# Requirement
Take the material below and reproduce, word for word, only the lines from the line with "Summer Classic Men" through the line with "Modern Rectangular Marble".

# Supplied records

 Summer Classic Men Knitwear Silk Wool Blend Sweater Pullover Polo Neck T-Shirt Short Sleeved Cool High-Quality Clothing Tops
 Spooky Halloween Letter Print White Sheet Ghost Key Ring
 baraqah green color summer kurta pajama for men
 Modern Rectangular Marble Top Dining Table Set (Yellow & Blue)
...
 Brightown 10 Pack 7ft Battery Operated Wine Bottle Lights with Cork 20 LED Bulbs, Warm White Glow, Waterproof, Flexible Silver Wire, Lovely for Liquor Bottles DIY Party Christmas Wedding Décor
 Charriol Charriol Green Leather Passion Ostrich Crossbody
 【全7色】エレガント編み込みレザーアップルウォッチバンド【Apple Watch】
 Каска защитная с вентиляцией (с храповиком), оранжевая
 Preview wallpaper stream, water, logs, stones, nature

# Task result
 Summer Classic Men Knitwear Silk Wool Blend Sweater Pullover Polo Neck T-Shirt Short Sleeved Cool High-Quality Clothing Tops
 Spooky Halloween Letter Print White Sheet Ghost Key Ring
 baraqah green color summer kurta pajama for men
 Modern Rectangular Marble Top Dining Table Set (Yellow & Blue)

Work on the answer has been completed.